■ What is required ■
Using the entries below, write out the line with "Childens Place XS", the line with "Nuori pari yli", and every line in between, exactly as each is written.
:: Information provided ::
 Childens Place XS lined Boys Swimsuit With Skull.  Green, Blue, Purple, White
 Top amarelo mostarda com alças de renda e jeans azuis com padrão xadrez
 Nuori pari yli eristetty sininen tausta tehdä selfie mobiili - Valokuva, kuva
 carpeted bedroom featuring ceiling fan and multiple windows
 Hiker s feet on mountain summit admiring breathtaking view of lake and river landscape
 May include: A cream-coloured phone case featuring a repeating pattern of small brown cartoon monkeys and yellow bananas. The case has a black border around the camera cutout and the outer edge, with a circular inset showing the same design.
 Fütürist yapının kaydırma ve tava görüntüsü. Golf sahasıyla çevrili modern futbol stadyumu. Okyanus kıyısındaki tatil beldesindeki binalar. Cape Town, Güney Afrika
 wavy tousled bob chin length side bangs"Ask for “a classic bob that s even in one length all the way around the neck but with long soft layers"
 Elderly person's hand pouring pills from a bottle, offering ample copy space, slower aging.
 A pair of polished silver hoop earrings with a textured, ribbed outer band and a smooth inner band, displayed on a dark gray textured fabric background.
:::
:: Information provided ::
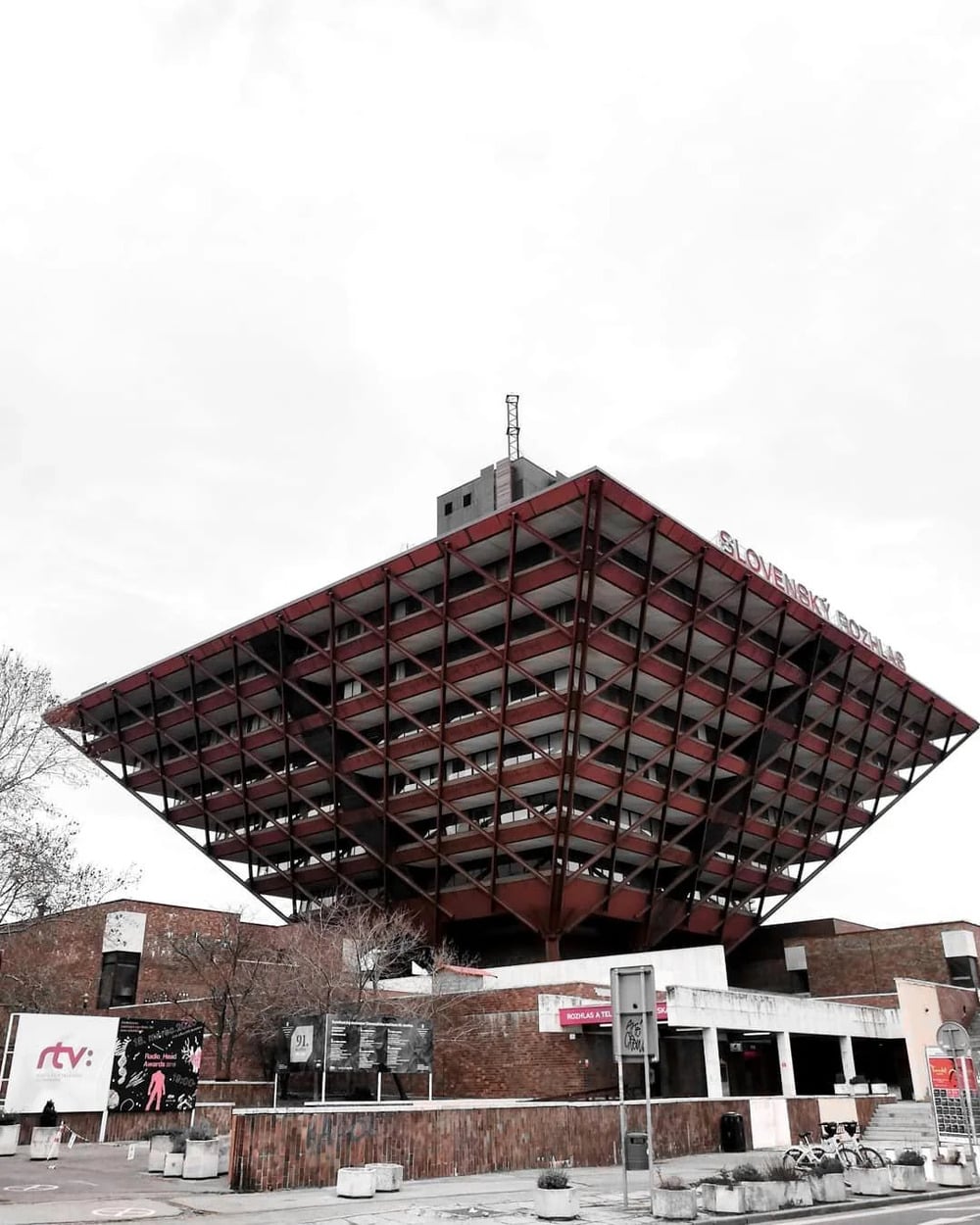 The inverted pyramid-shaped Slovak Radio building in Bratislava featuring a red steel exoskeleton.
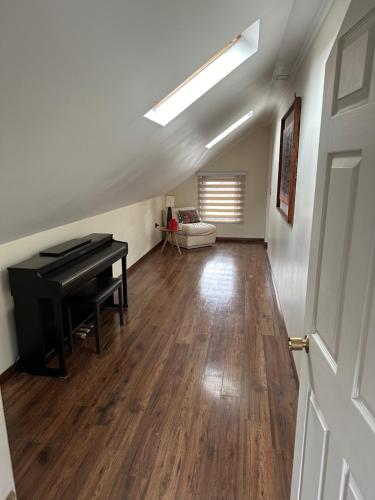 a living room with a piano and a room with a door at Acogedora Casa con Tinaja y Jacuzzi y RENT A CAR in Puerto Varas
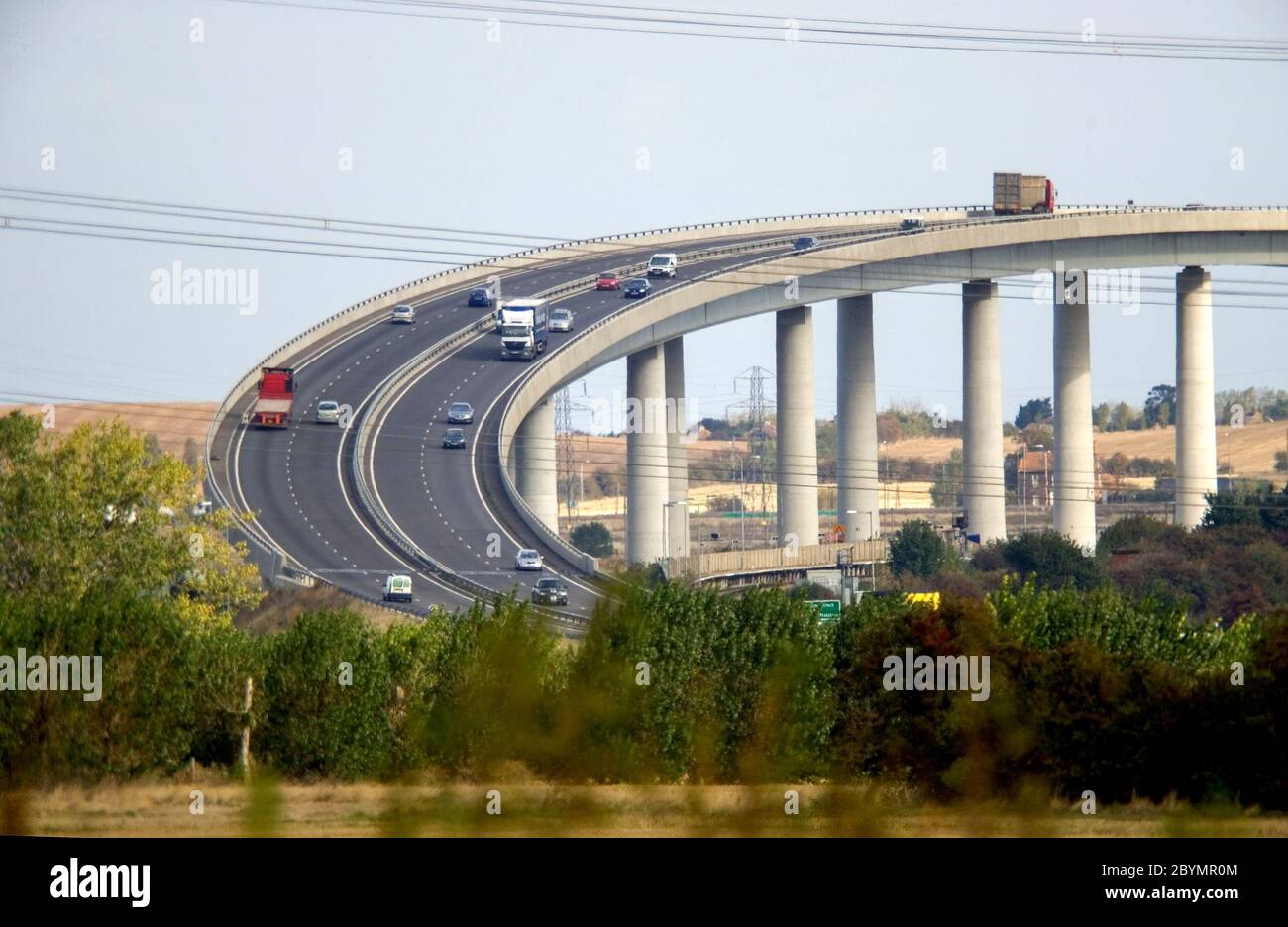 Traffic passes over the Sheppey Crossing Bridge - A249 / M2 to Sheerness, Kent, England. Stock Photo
:::
:: Information provided ::
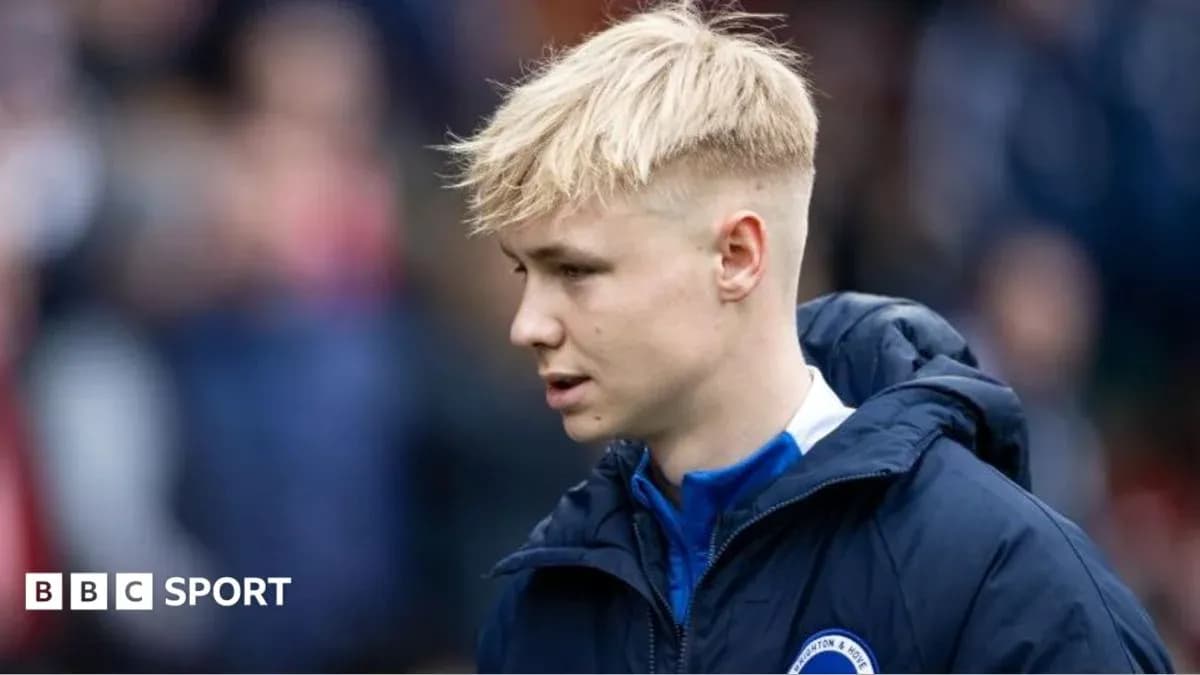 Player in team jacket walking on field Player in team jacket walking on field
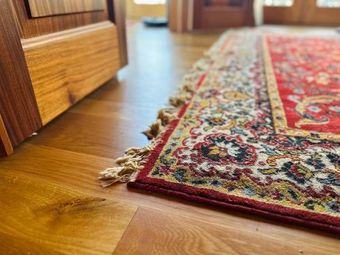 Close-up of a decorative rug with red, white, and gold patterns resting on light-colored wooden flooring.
:::
■ Task solution ■
 Childens Place XS lined Boys Swimsuit With Skull.  Green, Blue, Purple, White
 Top amarelo mostarda com alças de renda e jeans azuis com padrão xadrez
 Nuori pari yli eristetty sininen tausta tehdä selfie mobiili - Valokuva, kuva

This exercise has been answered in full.